До сих пор я как будто не говорил о главнейшей достопримечательности Петергофа, о Монплезире. Между тем, я тогда уже, когда был еще совсем маленьким мальчуганом, питал особую нежность к этому месту с его низкими, под кирпич раскрашенными домиками, спрятанными в тени самим Петром посаженных лип. В среднем и главном из этих домиков, покрытых высокой, в малиновый цвет выкрашенной крышей, и живал когда-то сам Петр Великий. Это говорили мне с благоговением старшие, и я, прикладывая глаза к старинным, доходившим до земли окнам, смутно различал через толстые, чуть корявые стекла то, что было внутри: черные и белые шашки пола и какие-то длинные коридоры с расписными потолками, увешанные по темным дубовым стенам картинами. Особенно мне нравилась очаровательная комнатка, вся уставленная по золотым консолям белыми и синими вазочками.
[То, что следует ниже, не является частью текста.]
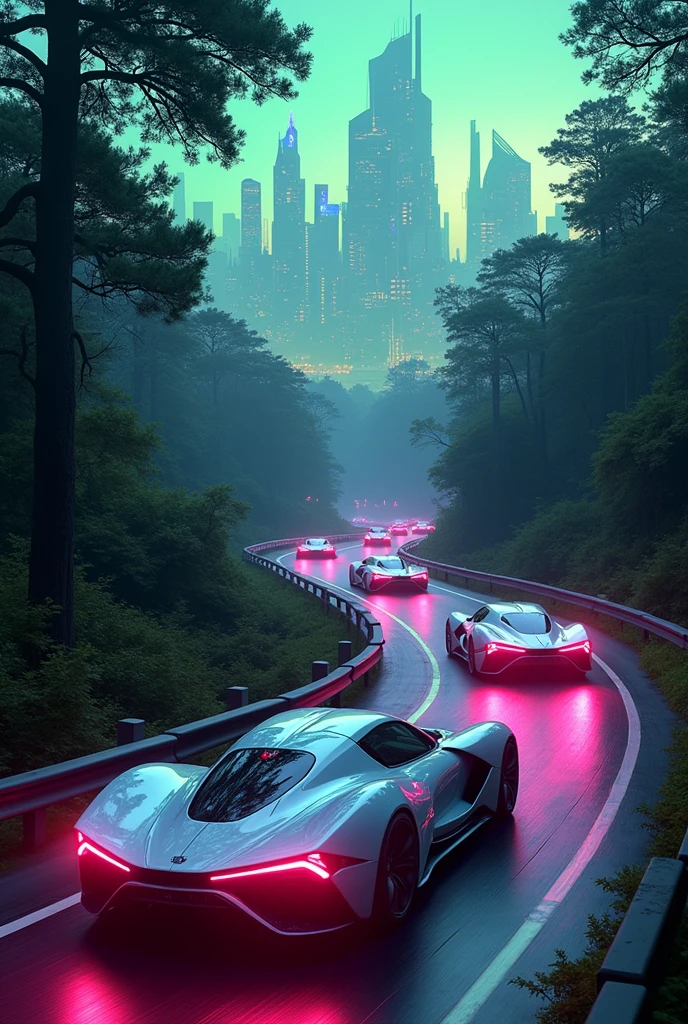 8k, hyper detailed, trippy and shapeshifting city landscape, realistic,  Trippy futuristic sportcars driving in a washington highway, full of trees, night, green and purple lights


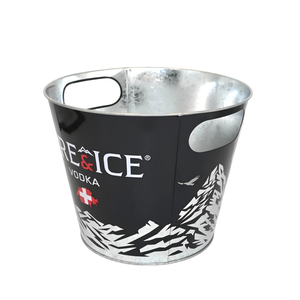 Cubo de Hielo de Metal Galvanizado Blanco con Logotipo Personalizado, con Doble Asa, para Enfriar Cerveza y Vino, para Promoción en Bares y Clubes - Product Image 3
Если я долго так глядел в этот зачарованный мир, то чудилось, что сейчас распахнутся двери и из одной комнаты в другую пройдет своей саженной походкой по каменному полу большущий царь и грозно взглянет на меня. Через одно из окон бокового флигеля видна была еще обширная, почти пустая зала («ассамблейная»), уставленная по стенам рядом стульев, похожих на те, что стояли у папы в кабинете. Эти стулья точно всегда ожидали прибытия многолюдного собрания, но унылая эта зала с ее ткаными шпалерами, на которых были изображены темнокожие люди с перьями на головах, крокодилы, носороги и «бешеные» лошади, не располагала к веселью.

Но к Монплезиру меня манила не одна старина. У самого дворца и у самого моря находилась знаменитая Мраморная площадка, пол которой был устлан беломраморными плитами. Вдоль окаймляющей ее белой же балюстрады с толстенными круглыми столбами были расставлены зеленые садовые скамейки. Сидя на них, полагалось любоваться видом на Финский залив и особенно теми натуральными фейерверками, которые божественные пиротехники устраивают вечерами по западному небосклону. Это место было особенно облюбовано всевозможными гувернантками. «So beautiful» (так красиво), — вздыхали, вступая на ее плиты, англичанки; «c’est ravissant» (восхитительно), — утверждали француженки; «wundersch"on» (великолепно), — лепетали немочки. Почему-то у меня осталось такое (довольно ложное) воспоминание, что на площадке Монплезира, кроме кисейных барышень и вот этих мисс, мадемуазелей и фрейлейн, никого не бывало. Обычай требовал чинно прийти, восторженно воскликнуть, усесться и молча взирать на эту «признанную красоту» — вроде того, как, скажем, посетители Дрезденской галереи в немом упоении млеют перед «Сикстинской Мадонной».